Aim of the exercise => Below are entries to return in full. Keep each one exact.

+++ Material for this task

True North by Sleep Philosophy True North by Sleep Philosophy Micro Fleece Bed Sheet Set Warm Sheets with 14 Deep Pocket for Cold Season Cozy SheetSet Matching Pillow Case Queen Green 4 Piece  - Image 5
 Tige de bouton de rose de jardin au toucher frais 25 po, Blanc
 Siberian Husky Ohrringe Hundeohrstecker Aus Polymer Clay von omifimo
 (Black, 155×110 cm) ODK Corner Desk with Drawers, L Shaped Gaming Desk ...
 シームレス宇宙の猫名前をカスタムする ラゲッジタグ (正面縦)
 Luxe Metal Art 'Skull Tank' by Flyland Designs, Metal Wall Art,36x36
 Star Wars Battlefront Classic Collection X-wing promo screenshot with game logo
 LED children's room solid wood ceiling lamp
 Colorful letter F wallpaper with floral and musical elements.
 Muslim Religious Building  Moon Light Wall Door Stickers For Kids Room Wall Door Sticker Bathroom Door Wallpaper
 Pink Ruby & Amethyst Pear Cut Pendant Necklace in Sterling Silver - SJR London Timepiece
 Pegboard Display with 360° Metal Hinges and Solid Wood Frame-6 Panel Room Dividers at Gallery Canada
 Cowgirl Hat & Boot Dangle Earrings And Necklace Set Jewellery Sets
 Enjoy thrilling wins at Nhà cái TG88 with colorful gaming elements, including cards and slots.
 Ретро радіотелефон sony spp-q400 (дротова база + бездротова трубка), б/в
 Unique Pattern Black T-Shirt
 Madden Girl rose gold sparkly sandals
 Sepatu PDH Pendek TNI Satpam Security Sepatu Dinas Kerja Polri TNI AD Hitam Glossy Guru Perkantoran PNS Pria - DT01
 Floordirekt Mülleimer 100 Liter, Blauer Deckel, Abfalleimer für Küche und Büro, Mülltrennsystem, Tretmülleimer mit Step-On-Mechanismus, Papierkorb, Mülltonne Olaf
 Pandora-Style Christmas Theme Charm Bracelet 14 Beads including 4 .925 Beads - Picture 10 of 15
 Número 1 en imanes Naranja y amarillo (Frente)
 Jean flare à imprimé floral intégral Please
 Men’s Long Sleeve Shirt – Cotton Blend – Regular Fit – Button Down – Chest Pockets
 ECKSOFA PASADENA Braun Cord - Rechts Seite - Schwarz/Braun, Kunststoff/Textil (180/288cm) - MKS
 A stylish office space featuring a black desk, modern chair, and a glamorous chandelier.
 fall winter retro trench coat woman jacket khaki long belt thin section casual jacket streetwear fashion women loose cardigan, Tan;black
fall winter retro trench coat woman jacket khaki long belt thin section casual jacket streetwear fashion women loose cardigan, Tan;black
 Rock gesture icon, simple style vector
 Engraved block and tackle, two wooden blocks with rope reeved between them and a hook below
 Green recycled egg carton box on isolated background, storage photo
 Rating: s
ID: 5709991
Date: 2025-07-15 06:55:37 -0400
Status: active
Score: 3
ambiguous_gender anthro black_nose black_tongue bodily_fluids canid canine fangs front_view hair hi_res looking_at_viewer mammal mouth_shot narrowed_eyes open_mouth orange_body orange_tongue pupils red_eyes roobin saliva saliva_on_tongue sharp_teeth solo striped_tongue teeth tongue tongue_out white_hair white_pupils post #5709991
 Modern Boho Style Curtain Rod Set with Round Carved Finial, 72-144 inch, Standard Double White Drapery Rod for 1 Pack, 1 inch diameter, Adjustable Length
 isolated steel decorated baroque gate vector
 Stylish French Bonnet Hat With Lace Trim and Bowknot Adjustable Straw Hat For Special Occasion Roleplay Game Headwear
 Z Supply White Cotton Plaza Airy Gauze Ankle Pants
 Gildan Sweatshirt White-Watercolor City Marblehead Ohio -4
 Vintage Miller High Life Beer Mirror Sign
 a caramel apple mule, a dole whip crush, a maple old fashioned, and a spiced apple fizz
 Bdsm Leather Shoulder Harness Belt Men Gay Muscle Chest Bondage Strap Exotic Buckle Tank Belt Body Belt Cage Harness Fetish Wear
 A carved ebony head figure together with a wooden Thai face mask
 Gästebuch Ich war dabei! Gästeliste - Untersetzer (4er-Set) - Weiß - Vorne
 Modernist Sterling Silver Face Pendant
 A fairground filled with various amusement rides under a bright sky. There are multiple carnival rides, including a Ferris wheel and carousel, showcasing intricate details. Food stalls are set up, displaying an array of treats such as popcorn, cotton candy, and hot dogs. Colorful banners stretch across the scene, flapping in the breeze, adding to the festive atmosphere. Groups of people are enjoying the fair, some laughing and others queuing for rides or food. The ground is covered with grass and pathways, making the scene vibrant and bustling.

++++++

Task solution =>
True North by Sleep Philosophy True North by Sleep Philosophy Micro Fleece Bed Sheet Set Warm Sheets with 14 Deep Pocket for Cold Season Cozy SheetSet Matching Pillow Case Queen Green 4 Piece  - Image 5
 Tige de bouton de rose de jardin au toucher frais 25 po, Blanc
 Siberian Husky Ohrringe Hundeohrstecker Aus Polymer Clay von omifimo
 (Black, 155×110 cm) ODK Corner Desk with Drawers, L Shaped Gaming Desk ...
 シームレス宇宙の猫名前をカスタムする ラゲッジタグ (正面縦)
 Luxe Metal Art 'Skull Tank' by Flyland Designs, Metal Wall Art,36x36
 Star Wars Battlefront Classic Collection X-wing promo screenshot with game logo
 LED children's room solid wood ceiling lamp
 Colorful letter F wallpaper with floral and musical elements.
 Muslim Religious Building  Moon Light Wall Door Stickers For Kids Room Wall Door Sticker Bathroom Door Wallpaper
 Pink Ruby & Amethyst Pear Cut Pendant Necklace in Sterling Silver - SJR London Timepiece
 Pegboard Display with 360° Metal Hinges and Solid Wood Frame-6 Panel Room Dividers at Gallery Canada
 Cowgirl Hat & Boot Dangle Earrings And Necklace Set Jewellery Sets
 Enjoy thrilling wins at Nhà cái TG88 with colorful gaming elements, including cards and slots.
 Ретро радіотелефон sony spp-q400 (дротова база + бездротова трубка), б/в
 Unique Pattern Black T-Shirt
 Madden Girl rose gold sparkly sandals
 Sepatu PDH Pendek TNI Satpam Security Sepatu Dinas Kerja Polri TNI AD Hitam Glossy Guru Perkantoran PNS Pria - DT01
 Floordirekt Mülleimer 100 Liter, Blauer Deckel, Abfalleimer für Küche und Büro, Mülltrennsystem, Tretmülleimer mit Step-On-Mechanismus, Papierkorb, Mülltonne Olaf
 Pandora-Style Christmas Theme Charm Bracelet 14 Beads including 4 .925 Beads - Picture 10 of 15
 Número 1 en imanes Naranja y amarillo (Frente)
 Jean flare à imprimé floral intégral Please
 Men’s Long Sleeve Shirt – Cotton Blend – Regular Fit – Button Down – Chest Pockets
 ECKSOFA PASADENA Braun Cord - Rechts Seite - Schwarz/Braun, Kunststoff/Textil (180/288cm) - MKS
 A stylish office space featuring a black desk, modern chair, and a glamorous chandelier.
 fall winter retro trench coat woman jacket khaki long belt thin section casual jacket streetwear fashion women loose cardigan, Tan;black
fall winter retro trench coat woman jacket khaki long belt thin section casual jacket streetwear fashion women loose cardigan, Tan;black
 Rock gesture icon, simple style vector
 Engraved block and tackle, two wooden blocks with rope reeved between them and a hook below
 Green recycled egg carton box on isolated background, storage photo
 Rating: s
ID: 5709991
Date: 2025-07-15 06:55:37 -0400
Status: active
Score: 3
ambiguous_gender anthro black_nose black_tongue bodily_fluids canid canine fangs front_view hair hi_res looking_at_viewer mammal mouth_shot narrowed_eyes open_mouth orange_body orange_tongue pupils red_eyes roobin saliva saliva_on_tongue sharp_teeth solo striped_tongue teeth tongue tongue_out white_hair white_pupils post #5709991
 Modern Boho Style Curtain Rod Set with Round Carved Finial, 72-144 inch, Standard Double White Drapery Rod for 1 Pack, 1 inch diameter, Adjustable Length
 isolated steel decorated baroque gate vector
 Stylish French Bonnet Hat With Lace Trim and Bowknot Adjustable Straw Hat For Special Occasion Roleplay Game Headwear
 Z Supply White Cotton Plaza Airy Gauze Ankle Pants
 Gildan Sweatshirt White-Watercolor City Marblehead Ohio -4
 Vintage Miller High Life Beer Mirror Sign
 a caramel apple mule, a dole whip crush, a maple old fashioned, and a spiced apple fizz
 Bdsm Leather Shoulder Harness Belt Men Gay Muscle Chest Bondage Strap Exotic Buckle Tank Belt Body Belt Cage Harness Fetish Wear
 A carved ebony head figure together with a wooden Thai face mask
 Gästebuch Ich war dabei! Gästeliste - Untersetzer (4er-Set) - Weiß - Vorne
 Modernist Sterling Silver Face Pendant
 A fairground filled with various amusement rides under a bright sky. There are multiple carnival rides, including a Ferris wheel and carousel, showcasing intricate details. Food stalls are set up, displaying an array of treats such as popcorn, cotton candy, and hot dogs. Colorful banners stretch across the scene, flapping in the breeze, adding to the festive atmosphere. Groups of people are enjoying the fair, some laughing and others queuing for rides or food. The ground is covered with grass and pathways, making the scene vibrant and bustling.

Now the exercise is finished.